Alibaba Cloud MaxCompute PyODPS

PyODPS is the Python SDK of MaxCompute.

8

 

PyODPS is the Python SDK of MaxCompute. It supports basic actions on MaxCompute objects and the DataFrame framework for ease of data analysis on MaxCompute. For more information, see the GitHub project and the PyODPS Documentation that describes all interfaces and classes.

  • Developers are invited to participate in the ecological development of PyODPS. For more information, see GitHub document.

  • Developers can also submit the issue and merge request to accelerate PyODPS eco-growth. For more information, see code

Installation PyODPS

PyODPS supports Python 2.6 and later versions. After installing PIP in the system, you only need to run pip install  pyodps.
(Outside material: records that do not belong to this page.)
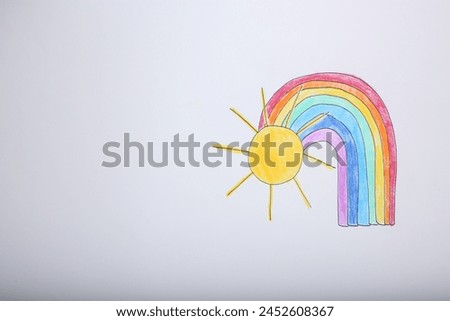 Rainbow and sun drawn on white background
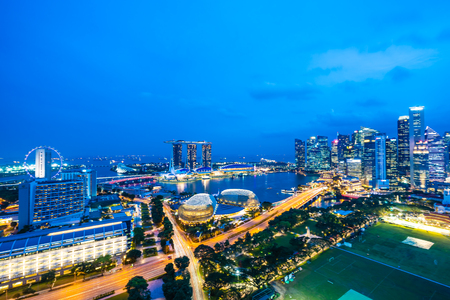 Beautiful architecture building exterior of singapore city skyline at twilight and night timeのeditorial素材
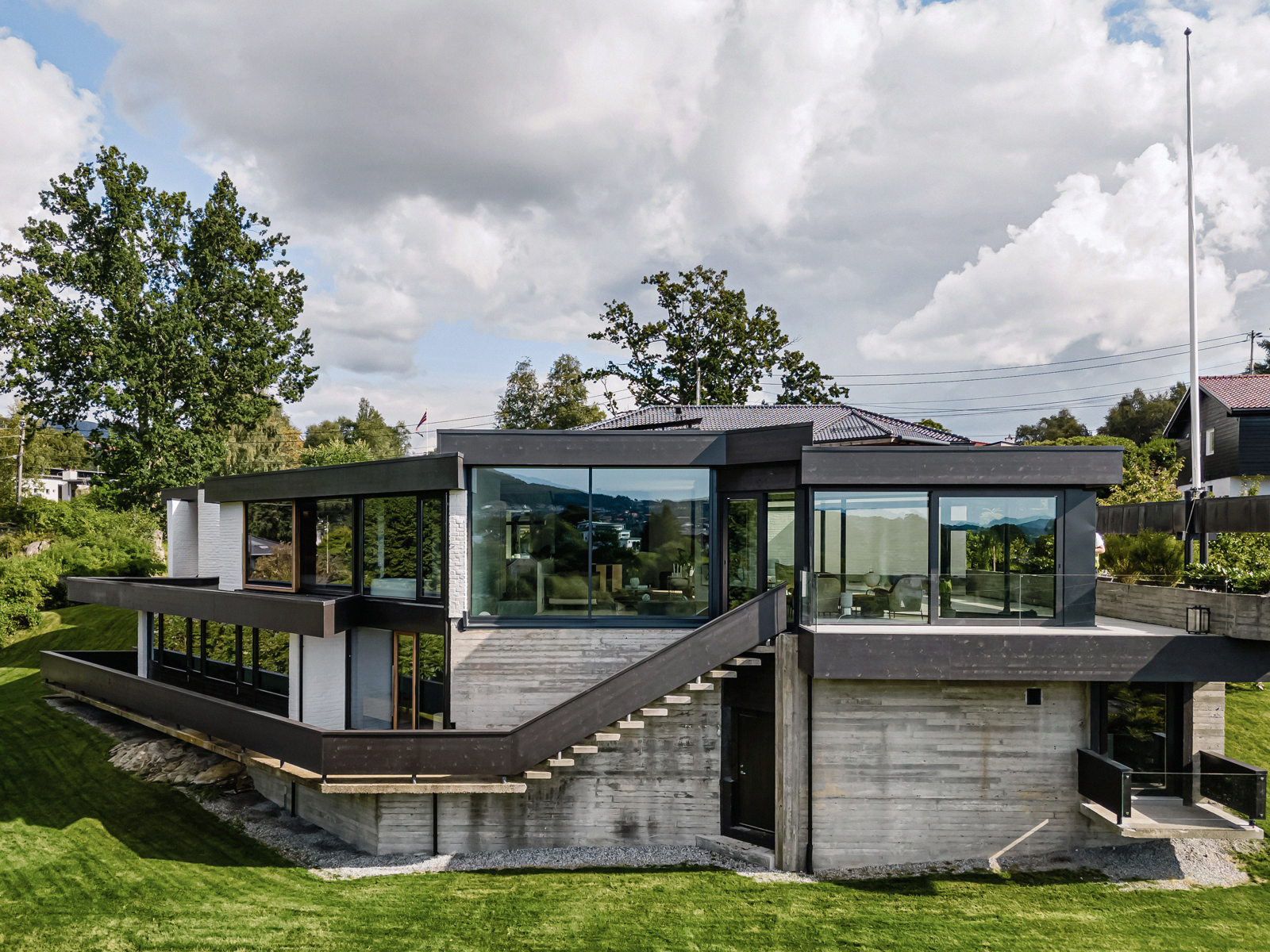 Fasade foto av villa i ulike vinkler i betong og mørkt treverk, og store glassflater.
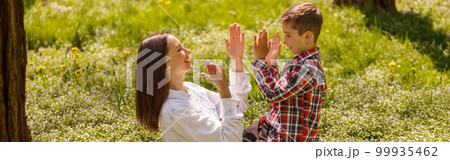 Happy joyful mother play with little son and clapping in hands while sitting on grass in park. 99935462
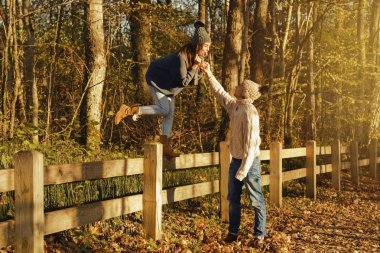 Sıcak kazak ve yünlü şapkalar güneşli sonbahar günü parkta giyen genç çift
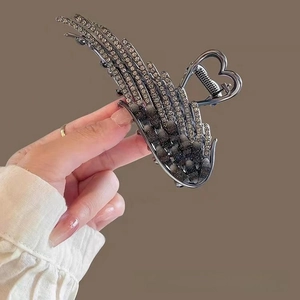 Detailed view of silver angel wing hair claw clip with cat eye stones and grey rhinestones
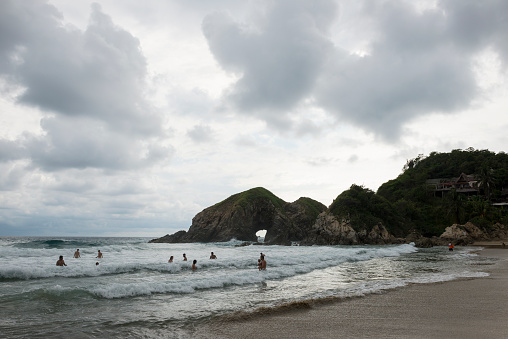 Zipolite, Mexico - November 9, 2014: People, including nude swimmers, enjoy the beach despite the dark rain clouds filling the sky in Zipolite, on the Pacific coast of Oaxaca State, Mexico.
The related dependencies of PyODPS are automatically installed.

Quick start

Log on using your Alibaba Cloud primary account to initialize a MaxCompute entry, as shown in the following code:

from odps import ODPS
odps = ODPS('**your-access-id**', '**your-secret-access-key**', '**your-default-project**',
            endpoint='**your-end-point**')

After completing initialization, you can operate tables, resources, and functions.

Project

A project is the basic unit of operation in MaxCompute, similar to a database.

Call get_project to obtain a project, as shown in the following code:

project = odps.get_project('my_project') # Obtain a project.
project = odps.get_project() # Obtain the default project.

Note

  • If parameters are not input, use the default project.
  • You can call exist_project to check whether the project exists.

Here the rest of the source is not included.